九品寺の横の水路にそっと隠れざくような萩の花が好きです。
万葉集では、1番多く詠われているのが、萩の花だというのに、秋になって咲く花を待ちわびた、万葉人に
惹かれます。
萩の万葉歌は141首ですが、ふと今目に触れた数首をここに書き残します。
真葛原靡く秋風吹くごとに阿太の大野の萩の花散る 作者不詳 巻10-2096
(大野とは人里はなれた野を言います。葛の葉が裏返り萩の花が散り敷いている景色のすさまじさ。) 沙額田の野辺の秋萩時なれば今盛りなり折りてかざさむ 作者不詳 巻10-2106
(枝や花を髪に挿す、あるいはかずらとして頭に巻き、植物の生命力や活力、精気を身体に受け、その力にあやかろうとしました。) 大夫の心はなしに秋萩の恋のみにやもなづみてありなむ 作者不詳 巻10-2122
(太夫にあるまじき、恋のとりこになっているわが身を自嘲的に。) 秋萩は雁に逢はじと言へればか声を聞きては花に散りぬる 作者不詳 巻10-2026
(雁が来る頃には、すでに萩の花は散ってしまっている。恋人と会えない、すれ違いの状態なのでしょう。) 秋萩の咲たる野辺にさを鹿は散らまく惜しみ鳴き行くものを 作者不詳 巻10-2155
(萩の花が散るのを惜しんで鳴いている鹿よ。妻を求めて鳴く鹿の気持ちになって詠んだ歌。萩の初花を妻としようとしている --萩の原には常に鹿が見られることから鹿の妻とみなして。)

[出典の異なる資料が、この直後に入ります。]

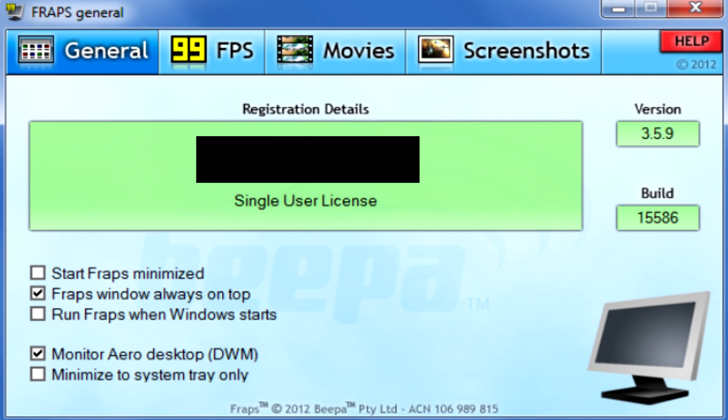Hello and welcome to my updated Fraps tutorial. We're going to go through the entirety of Fraps and hopefully help you if you've got some lag issues going on. I did one of these tutorials about two years ago so it's time for an updated tutorial. I am running the latest version which is 3.5.9, the current version from September 17th 2012.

1番初めに挙げた詠は私の住む町の、阿田の大野を詠んでいます。
「真葛原」から命名してもらったという友人がいます。
きっと、お父さんはこの万葉歌がお好きだったのでしょうね。
秋風に揺れるのは、萩だけでなく、コスモスの優しい花の佇まいも、この葛城路に
今花盛りです。
彼岸花だけだったのが、最近急にコスモスが多くなりました。
秋に此処を度々訪れるのが、楽しみになっています。